▶ [TASK GOAL] Please find the lines in the following records that hold "make", and copy them.

===== MATERIALS PROVIDED

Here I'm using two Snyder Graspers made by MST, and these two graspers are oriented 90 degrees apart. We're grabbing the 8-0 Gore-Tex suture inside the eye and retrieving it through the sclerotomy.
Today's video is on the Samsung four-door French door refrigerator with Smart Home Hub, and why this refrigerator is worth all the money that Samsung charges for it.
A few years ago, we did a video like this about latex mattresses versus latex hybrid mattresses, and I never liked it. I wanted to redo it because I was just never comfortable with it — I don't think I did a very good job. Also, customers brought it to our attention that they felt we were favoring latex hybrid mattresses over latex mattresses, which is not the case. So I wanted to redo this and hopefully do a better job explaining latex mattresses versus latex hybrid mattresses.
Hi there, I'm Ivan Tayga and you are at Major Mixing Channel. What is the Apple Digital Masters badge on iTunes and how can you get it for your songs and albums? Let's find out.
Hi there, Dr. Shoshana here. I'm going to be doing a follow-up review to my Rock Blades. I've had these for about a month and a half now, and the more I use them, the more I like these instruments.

==========
===== MATERIALS PROVIDED

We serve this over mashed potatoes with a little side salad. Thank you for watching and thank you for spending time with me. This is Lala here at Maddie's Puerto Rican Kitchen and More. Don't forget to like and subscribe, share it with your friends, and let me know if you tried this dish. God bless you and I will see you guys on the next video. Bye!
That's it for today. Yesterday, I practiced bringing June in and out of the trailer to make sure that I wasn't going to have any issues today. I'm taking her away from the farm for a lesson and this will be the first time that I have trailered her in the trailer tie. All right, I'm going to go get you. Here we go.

==========
===== MATERIALS PROVIDED

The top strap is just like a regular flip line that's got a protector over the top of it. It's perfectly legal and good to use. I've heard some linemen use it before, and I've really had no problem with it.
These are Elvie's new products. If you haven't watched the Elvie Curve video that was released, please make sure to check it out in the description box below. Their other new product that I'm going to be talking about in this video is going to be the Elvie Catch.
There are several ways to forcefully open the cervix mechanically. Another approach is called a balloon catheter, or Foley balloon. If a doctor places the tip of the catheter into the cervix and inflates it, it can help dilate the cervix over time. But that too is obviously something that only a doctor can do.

==========

▶ [COMPLETED TASK]
That's it for today. Yesterday, I practiced bringing June in and out of the trailer to make sure that I wasn't going to have any issues today. I'm taking her away from the farm for a lesson and this will be the first time that I have trailered her in the trailer tie. All right, I'm going to go get you. Here we go.
These are Elvie's new products. If you haven't watched the Elvie Curve video that was released, please make sure to check it out in the description box below. Their other new product that I'm going to be talking about in this video is going to be the Elvie Catch.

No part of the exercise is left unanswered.